Although a reference to the NRC in relation to the NPR was made as early as in 2010, when the UPA was in power, it was the Modi dispensation that made the citizen register a high-decibel issue.
“Iska dur dur tak NRC ke saath koi sambandh nahi hai (NPR is not even remotely linked to NRC),” Javadekar said to repeated questions, denying outright that the government had ever made a statement to the contrary in Parliament.
On July 23, 2014, Kiren Rijiju, the then minister of state for home, had told the Rajya Sabha in a written reply: “The government has now decided to create the National Register of Indian Citizens (NRIC) based on the information collected under the scheme of NPR by verifying the citizenship status of all individuals in the country.”
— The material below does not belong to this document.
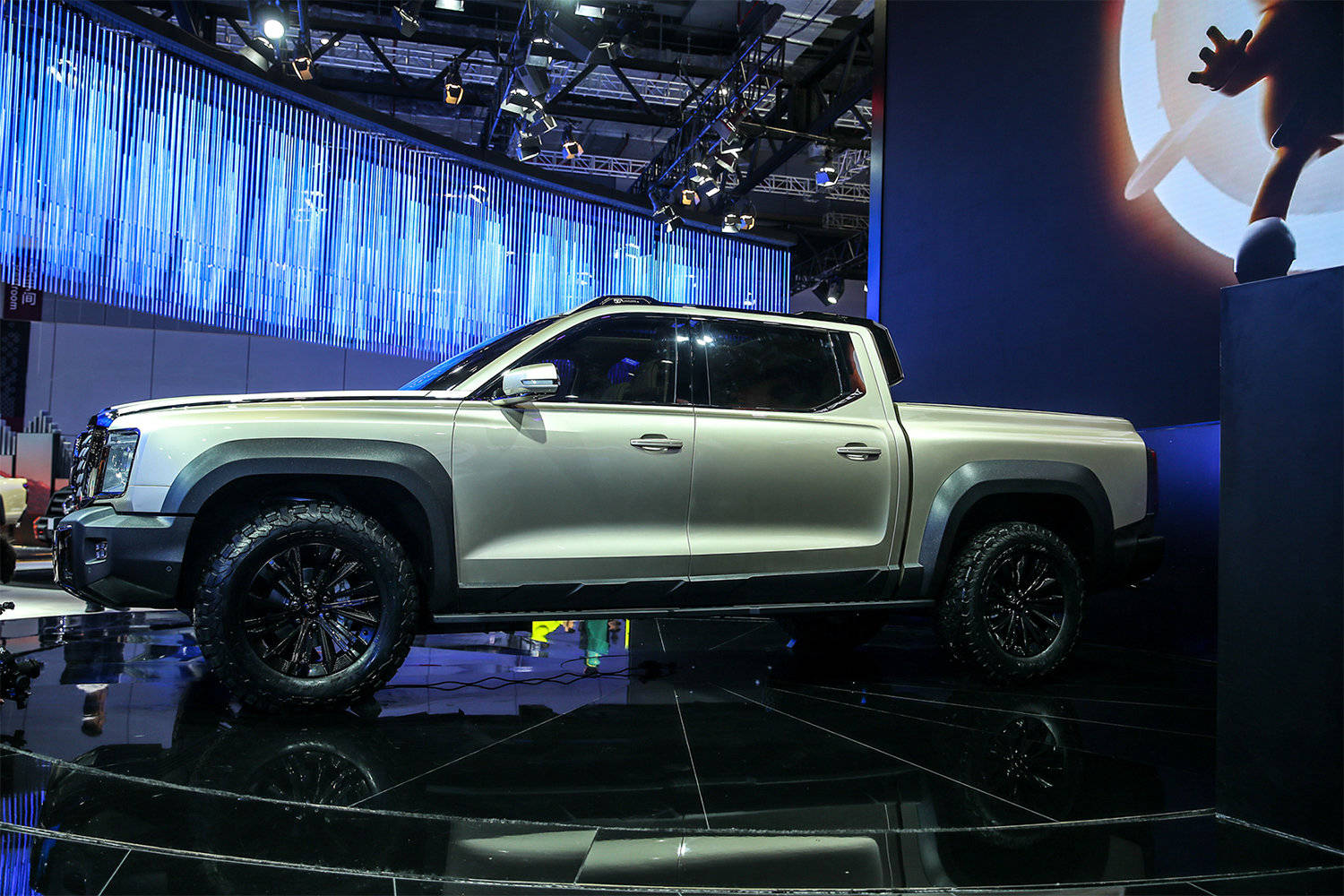 皮卡解禁城市再添一员,怪不得这款皮卡销量可以起来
The then junior home minister’s statement clearly indicated the government’s intent to have an NRC in sharp contrast to Prime Minister Narendra Modi’s claim at a Delhi rally that there has been no discussion on the NRC during his five-year term.
Subsequent replies from the ministry in Parliament delve into the details with ministers spelling out the link between the two.
Later that year, on November 26, Rijiju had said in another reply in the Rajya Sabha that the NPR is a register of all the usual residents, which include citizens and non-citizens as well.
“The NPR is the first step towards creation of NRIC (National Register of Indian Citizens) by verifying the citizenship status of every usual residents.”
Likewise, on April 21, 2015, another minister of state for home, Haribhai Parathibhai Chaudhary, had told the Lok Sabha that “it has been decided that NPR should be completed and taken to its logical conclusion, which is the creation of National Register of Indian Citizen and National Identity Cards would be issued to citizens by verification of citizenship status of every usual resident in the NPR.”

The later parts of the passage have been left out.